Blackstone Selling Cosmopolitan Las Vegas for $5.65B in Lucrative Asset Trade
Posted on: September 27, 2021, 07:14h.
Last updated on: September 28, 2021, 12:21h.
Blackstone (NYSE:BX) is selling Cosmopolitan of Las Vegas for $5.65 billion, meaning the private equity behemoth nearly tripled its investment on the Strip venue seven years after acquiring it.
As was widely expected, MGM Resorts International (NYSE:MGM) is involved in the deal. Already the largest operator on the Strip, MGM is shelling out about $1.6 billion to purchase Cosmopolitan’s casino and hotel operating rights. A consortium consisting of the Cherng Family Trust, Stonepeak Partners, and Blackstone Real Estate Income Trust (BREIT) is paying approximately $4 billion for the property assets. The casino operator will sign a long-term net lease with that group.

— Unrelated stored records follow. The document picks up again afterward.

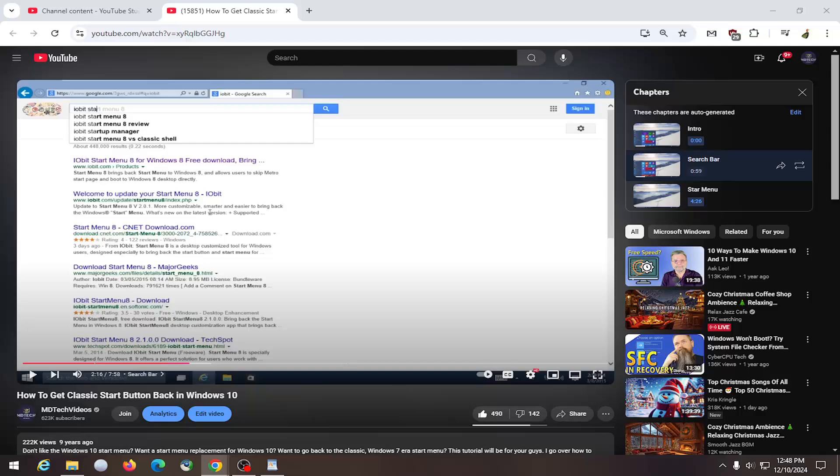In today's tutorial, I'm going to show you how to change the playback speed on a YouTube video. Perhaps you find it's going too fast or too slow for your liking. Let's go ahead and jump right into it.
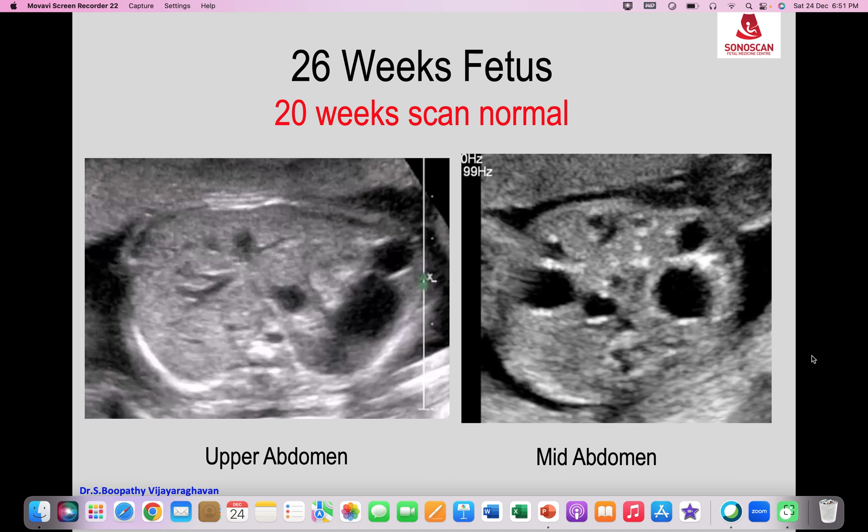Hello everyone, this is the next in the series of Image to Diagnosis, Fetal Medicine, involving Fetal Abdomen.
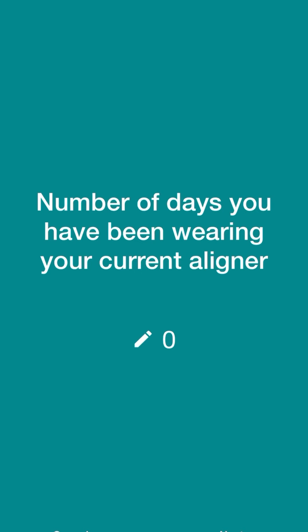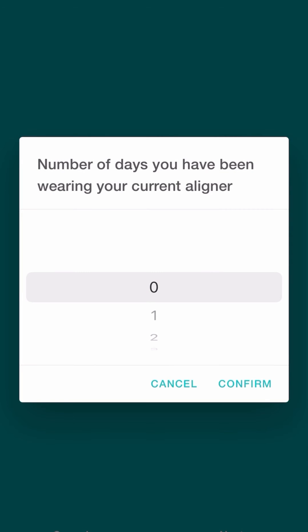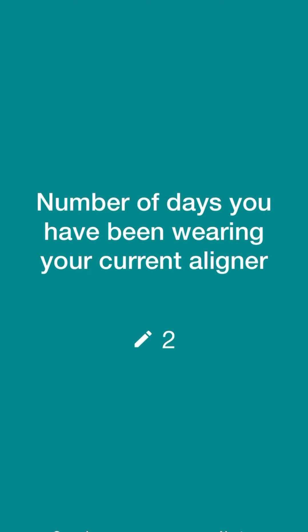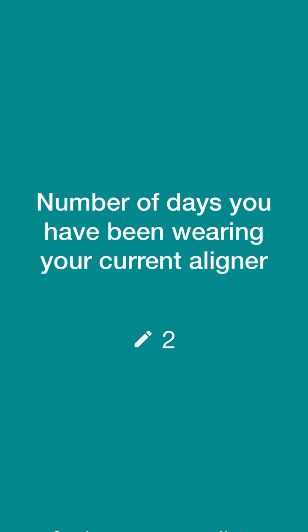The number of days you have been wearing your current aligner. Again, if this is your first day, you have been wearing your aligners for zero days. But let's say that you've already been wearing aligner number four for two days — you would select two.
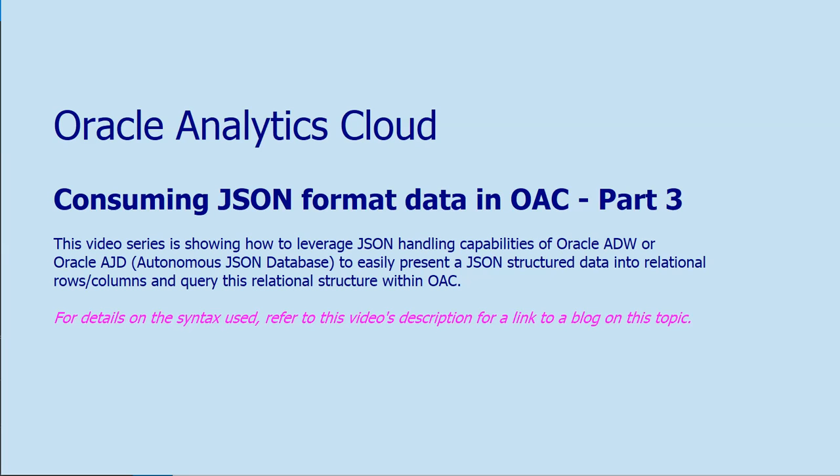Welcome to part 3 of this video series. In part 2 we saw how to create a flattened view with the extracted JSON schema in an Oracle ADW or Oracle AJD instance. In this video let's see how to use this flattened view within OAC and do some analysis.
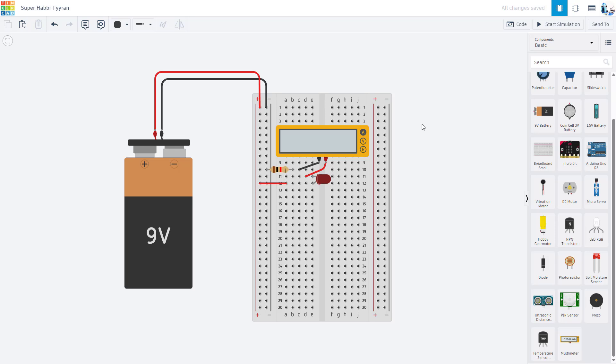In this new video series, I'll be going through a series of electronics labs in Tinkercad Circuits, a free circuit simulator that runs in your web browser and lets you build circuits in a breadboard view like this, just like you would in a physical lab.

“Blackstone implemented significant operational changes and invested over $500 million into the property to renovate nearly 3,000 guest rooms, build 67 new rooms and suites, enhance the food and beverage offerings and dramatically improve the gaming amenities and common areas,” said the private equity company in a statement.
The Cosmopolitan’s recent performance has been stronger than ever, exceeding pre-COVID levels in the second quarter of 2021,” according to the statement.
Blackstone acquired Cosmopolitan for $1.74 billion from Deutsche Bank in 2014. The transaction is slated to close in early 2022.
Sweet Deal for Blackstone
Reports of the integrated resort being for sale surfaced nearly two and a half years ago. They died down as Blackstone went on its own buying spree of Strip real estate assets, and high-end casino property deals ebbed following the onset of the coronavirus pandemic.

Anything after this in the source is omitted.